The MERGE statement (sometimes referred to as UPSERT) allows a way to join two tables or views by combining update, insert and delete operations into a single statement. The merge is a DML statement that is especially useful in data warehouse environments, and in the Extraction-Transformation-Loading (ETL) cycle, where transaction tables are merged into bigger warehouse tables.
Depending on the condition you specified, a merge statement can have the following effect.
- Updates rows in target table with rows from source table that match the condition.
- Inserts new rows into target table from source that do not match the condition.
- Deletes rows from target table based on the condition.
You must specify at least one clause like insert, update, or delete, otherwise MERGE statement will fail.

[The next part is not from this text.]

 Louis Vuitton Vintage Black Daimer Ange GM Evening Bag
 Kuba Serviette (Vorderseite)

However, you cannot use more than two of the previous effects, because the delete clause and the update clause are mutually exclusive.
Table 1 shows an example of how the MERGE statement works. In this example, contacts is the target table and validated is used as the source table. The current customer contacts records merged with newly validated records. If the customer contact has not been validated then it is deleted from contacts table, otherwise update the record.

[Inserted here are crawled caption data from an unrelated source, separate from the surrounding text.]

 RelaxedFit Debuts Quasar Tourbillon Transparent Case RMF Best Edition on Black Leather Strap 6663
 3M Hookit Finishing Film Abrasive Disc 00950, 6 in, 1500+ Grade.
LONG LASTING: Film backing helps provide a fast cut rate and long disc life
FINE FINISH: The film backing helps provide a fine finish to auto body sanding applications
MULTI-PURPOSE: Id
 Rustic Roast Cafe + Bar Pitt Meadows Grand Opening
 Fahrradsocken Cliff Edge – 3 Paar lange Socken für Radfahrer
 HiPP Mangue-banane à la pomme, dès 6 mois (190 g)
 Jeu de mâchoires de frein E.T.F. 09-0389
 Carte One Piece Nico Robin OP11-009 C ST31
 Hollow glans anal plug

Table 1. Examples of MERGE statements
|MERGE||The MERGE keyword and any optimizer directives if needed.|
|INTO contacts AS t||The INTO clause specifies the target table or view.|
|USING validated AS s||The USING clause represents the source table or view.|
|ON c.cust_id = v.cust_id||The ON clause is where you supply the join between the source and target tables.|
|WHEN NOT MATCHED THEN DELETE||The 'WHEN NOT MATCHED' clause instructs what to do on target table when matching records not found in the source table. Here record from target table will be deleted.|
|WHEN MATCHED THEN UPDATE SET (t.cust_id, t.email) = (s.cust_id, s.email);||The 'WHEN MATCHED' clause instructs what to do on target table when you already have a matching record in source and target table. Here records on target table get updated based on the value in source table.|
You can specify optimizer directives in the MERGE statement to specify how the source and target tables are joined, or to control other aspects of the execution plan. Some of the directives that can be used are USE_NL, USE_HASH, AVOID_HASH, FULL, AVOID_FULL, INDEX, ORDERED, and so on. In a high-availability cluster configuration, you can issue the MERGE statement from a primary server or from an updatable secondary server.
Any constraints on the target table are enforced during MERGE operations. If an error occurs while the MERGE statement is executing, then the entire statement is rolled back.
Triggers can be defined on source and/or target tables. But during the merge operation, only insert, update, and delete triggers are actionable. The select triggers are ignored. Depending on the MERGE statement, the insert, update, and delete triggers are activated before and after events. The for-each-row trigger is activated for each row that is inserted, updated, or deleted. Therefore during insert operation, only for-each-row insert triggers on the target table are activated. Similarly, during update and delete operations, only for-each-row update or for-each-row delete triggers on the target table are activated.
The MERGE statement supports distributed queries with the restriction that the target table cannot be a remote table. You can use remote table, synonym, and views references in the sub-queries within the SET and VALUES clauses. There are additional restrictions with target tables that it cannot be a virtual table, system catalog table, external table, view on which an instead of trigger defined, read-only view, pseudo-table with memory resident objects, and so on.